Here we'll add IIED. Relevant case for current standards: Hoffmann--La Roche Inc. v. Zeltwanger, 144 S.W.3d 438, 447 (Tex. 2004) but the basic elements are: 1) D acted intentionally or recklessly; 2) D's conduct was extreme and outrageous; 3) D's actions cause P's distress;
and 4) P's distress was severe. I think 4 needs some fleshing out from the depo, but if you can get to actual malice, I'd think you can likely jump the hurdle for 1 and 2 here. But again, you'd need to show that some (or all) of the D's were basically making these stories up
to intentionally harm Vic to get there. And Vic has the burden of proof on that; unless Vic tips the scale to make it more likely that what he's alleging is true, D's win. As the P, we get no benefit of any doubt.
Back to the alleged COAs: Conspiracy. Besides making sure that you have a tort stick (otherwise this means nothing), you have to prove there was an objective and a meeting of the minds on that objective or course of action. Tri v. J.T.T., 162 S.W.3d 552, 556 (Tex. 2005)
Yes, these people all know each other, but finding something that tips the needle on them coordinating in some way is the key.

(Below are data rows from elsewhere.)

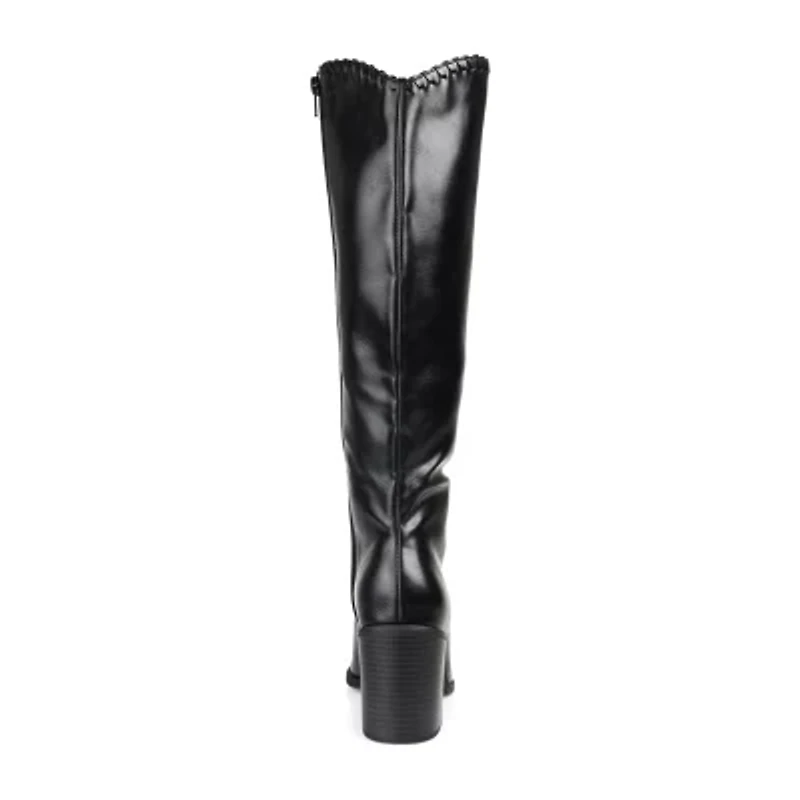 Journee Collection Womens Daria Wide Calf Stacked Heel Riding Boots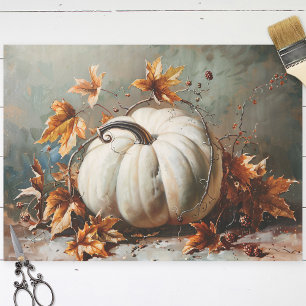 Papier Mousseline Découpage de peinture Citrouille blanc vintage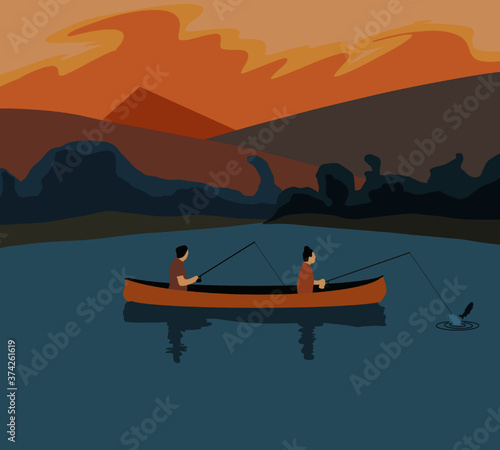 Two fisherman make social distancing in a yellow canoe is silhouetted against the blazing orange sky of a setting sun.Safety travel after COVID-19 quarantine.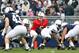 Apr 20, 2013; University Park, PA, USA; Penn State Nittany Lions quarterback Tyler Ferguson (5) looks down the line of scrimmage in the first quarter of the Blue White spring game at Beaver Stadium. Mandatory Credit: Matthew O'Haren-USA TODAY Sports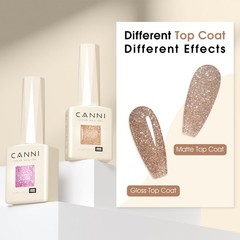 Canni Gel Polish Glitter Gel Nail Polish Set 8 Colors Champagne Silver Rose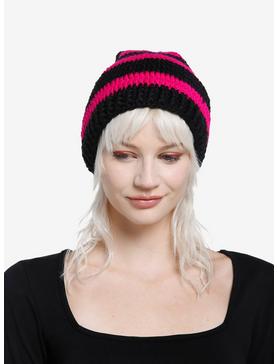 Pink & Blue Stripe Crochet Gnome Hat, , hi-res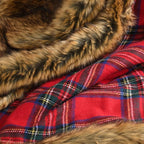 HORIMOTE HOME Luxury Plush Faux Fur Throw Blanket with Red Plaid Pattern, Super Warm, Fuzzy, Elegant, Fluffy Decoration Christmas Holiday Blanket for Couch, Armchair, Sofa and Bed, 60''x 80''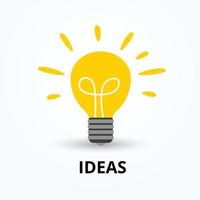 Ideenkonzept und Glühbirnensymbol vektor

Also an issue of facts, and one likely requiring the discovery of private communications or circumstances that suggest meeting in person.

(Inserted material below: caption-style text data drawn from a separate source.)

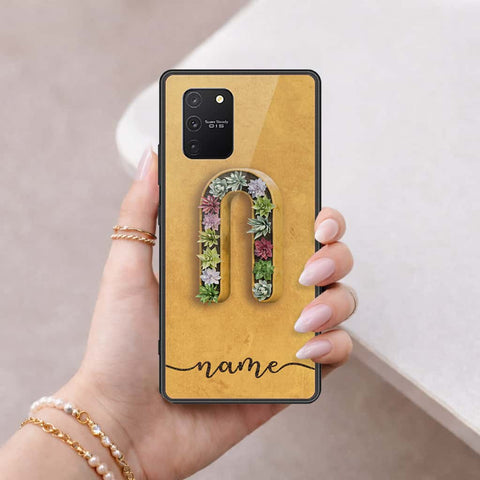 Samsung Galaxy M80s Cover - Personalized Alphabet Series - HQ Ultra Shine Premium Infinity Glass Soft Silicon Borders Case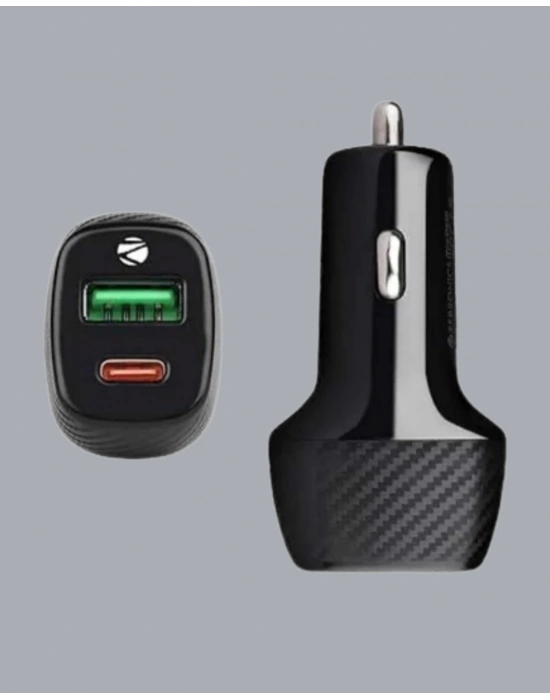 Kompakt Tasarımlı Type-C + USB Girişli Araç Şarj Başlığı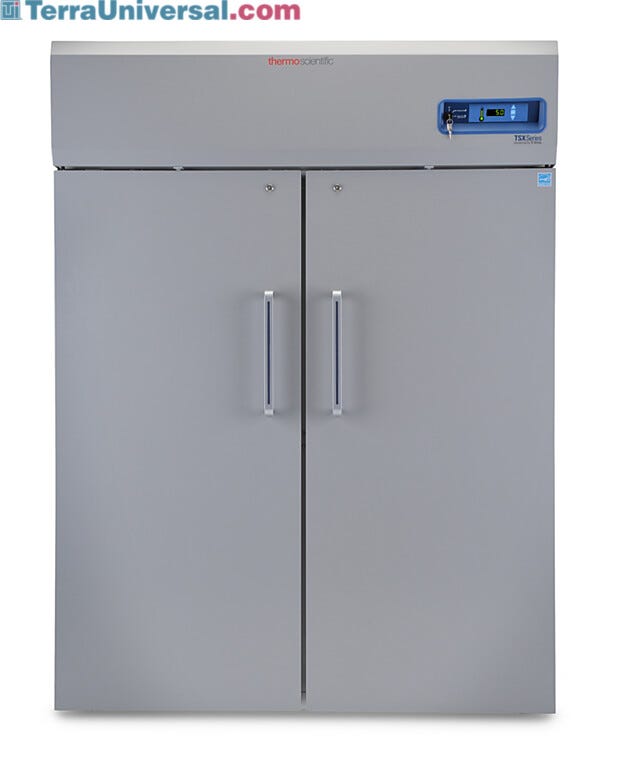 Double-solid door 1447L TSX High-Performance Refrigerator by Thermo Fisher Scientific with 8 shelves and 4 casters; GMP Clean Room Class A/ISO 6 compatible | 1621-15 displayed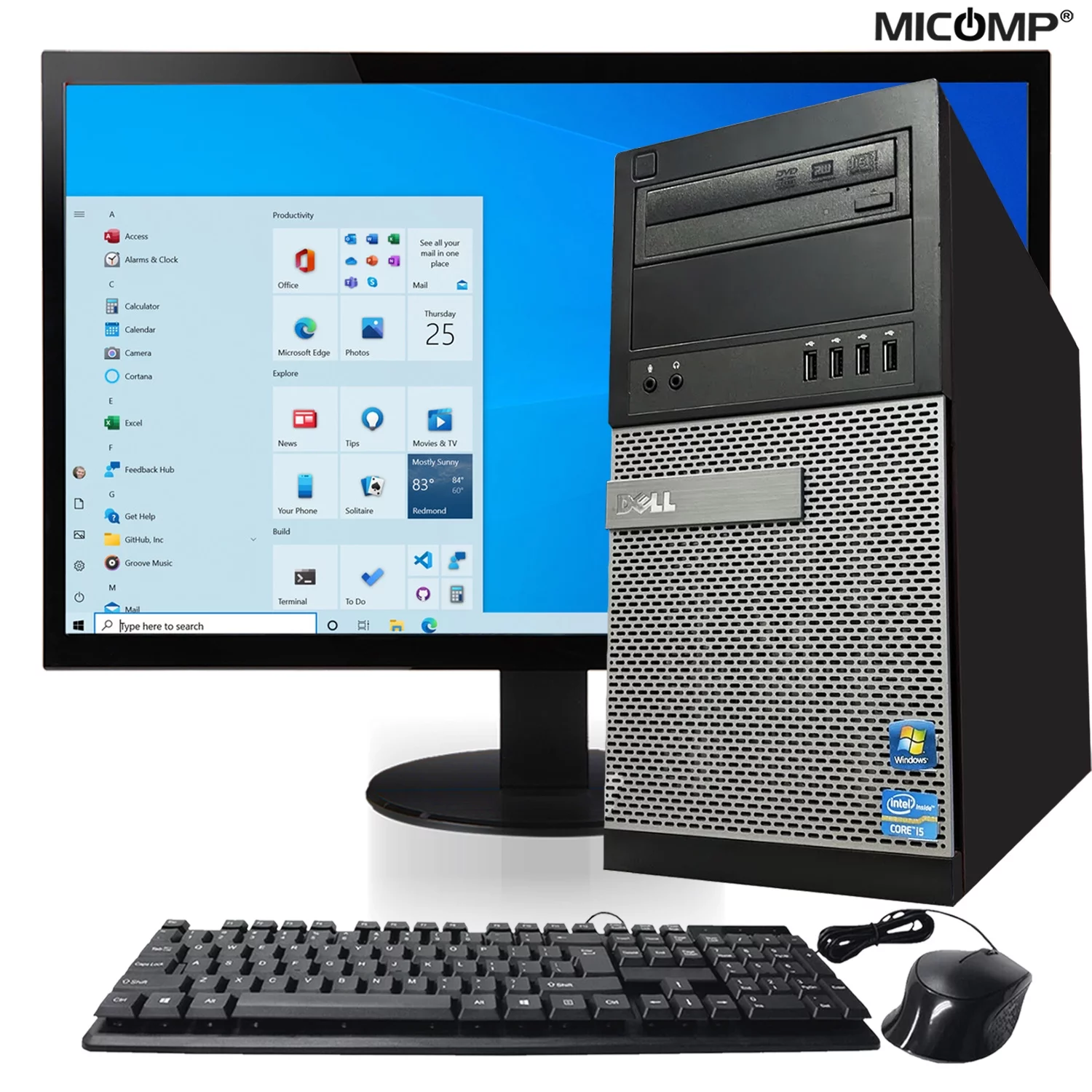 Dell 7010 Tower Computer Core I5-3470 (3.2 GHz) 16GB 512GB SSD DVRW WiFi Windows 10 Professional, includes 22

Not going to dig into what sources I'd go after, but right now, there's nothing in the record that shows enough in my mind to be comfortable with a possibility of success. It's all too much of a stretch.
Which brings us to the last COA: VL/RS. Again, I need to make sure that I get one of the 3 individual Ds on Defamation or TIwK (and getting TIwBR would be a bonus) to even have this matter. But I've included it because anyone would: if I can make it stick, I can make...
the deepest pocket responsible for everyone. Moreover, if it sticks, then I may also be able to go into wrongful termination and whatnot. Obviously, arguing based on everyone's contract with Funimation plus whatever internal policies they have for contractors is the key, but...
The Texas Workforce Commission and whatnot are red herrings. I'd also be pulling Sony into this as a RS for Funimation. But again, this is all fact dependent (and since I don't know full facts; only Ty does), I'd be looking to that pool to again push the needle on this.
As it stands now, I wouldn't be comfortable that I can make a case for apparent authority for Ron or employee status for Jamie or Monica.
So there you go. If I were representing Vic, and given only the public information, that's what I'd be doing. If I had something in my back pocket that already bolstered the fact issues I pointed out, I'd make sure it was out there sooner rather than later...
...especially with the TCPA hinging on me making a prima facie case. It would be a colossal mistake to hold something back and then lose at the TCPA stage as a result.
TL:DR More facts supporting certain assertions will greatly increase the likelihood of success on certain causes of action. The facts, as they stand in public, aren't great for P, but certain specific adds could greatly push things in his favor.
@HaygoodLaw, you want to give this a shot? Or any other ideas here?